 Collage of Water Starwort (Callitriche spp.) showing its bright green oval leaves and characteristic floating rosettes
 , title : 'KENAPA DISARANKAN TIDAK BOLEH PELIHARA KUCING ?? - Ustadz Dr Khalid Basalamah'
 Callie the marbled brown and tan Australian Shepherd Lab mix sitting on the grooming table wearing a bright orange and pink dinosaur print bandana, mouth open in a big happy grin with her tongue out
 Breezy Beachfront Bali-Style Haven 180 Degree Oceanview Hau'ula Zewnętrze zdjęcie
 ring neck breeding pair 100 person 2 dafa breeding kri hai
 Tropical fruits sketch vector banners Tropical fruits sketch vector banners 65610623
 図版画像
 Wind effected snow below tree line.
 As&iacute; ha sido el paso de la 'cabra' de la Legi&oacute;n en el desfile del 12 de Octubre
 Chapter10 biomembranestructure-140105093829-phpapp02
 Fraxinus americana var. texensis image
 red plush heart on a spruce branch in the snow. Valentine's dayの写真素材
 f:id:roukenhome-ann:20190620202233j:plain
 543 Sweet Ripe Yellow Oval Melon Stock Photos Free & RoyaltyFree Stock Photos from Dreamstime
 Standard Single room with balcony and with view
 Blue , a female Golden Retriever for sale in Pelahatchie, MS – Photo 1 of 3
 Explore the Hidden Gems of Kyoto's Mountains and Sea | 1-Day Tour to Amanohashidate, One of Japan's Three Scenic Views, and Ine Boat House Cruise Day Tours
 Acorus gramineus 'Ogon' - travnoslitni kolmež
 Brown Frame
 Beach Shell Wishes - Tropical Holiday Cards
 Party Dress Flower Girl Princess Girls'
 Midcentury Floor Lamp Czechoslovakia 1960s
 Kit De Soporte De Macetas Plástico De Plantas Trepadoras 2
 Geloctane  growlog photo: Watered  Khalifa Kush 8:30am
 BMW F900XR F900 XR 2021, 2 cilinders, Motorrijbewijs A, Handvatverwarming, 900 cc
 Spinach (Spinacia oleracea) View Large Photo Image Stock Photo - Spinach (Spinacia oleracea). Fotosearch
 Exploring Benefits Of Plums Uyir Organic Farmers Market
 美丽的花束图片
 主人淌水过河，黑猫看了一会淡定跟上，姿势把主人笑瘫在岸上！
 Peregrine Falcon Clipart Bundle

○ ○ ○ ○

Retype exactly. Start at the line with "Midcentury Floor Lamp Czechoslovakia 1960s" and stop at the last line of the data.

 Midcentury Floor Lamp Czechoslovakia 1960s
 Kit De Soporte De Macetas Plástico De Plantas Trepadoras 2
 Geloctane  growlog photo: Watered  Khalifa Kush 8:30am
 BMW F900XR F900 XR 2021, 2 cilinders, Motorrijbewijs A, Handvatverwarming, 900 cc
 Spinach (Spinacia oleracea) View Large Photo Image Stock Photo - Spinach (Spinacia oleracea). Fotosearch
 Exploring Benefits Of Plums Uyir Organic Farmers Market
 美丽的花束图片
 主人淌水过河，黑猫看了一会淡定跟上，姿势把主人笑瘫在岸上！
 Peregrine Falcon Clipart Bundle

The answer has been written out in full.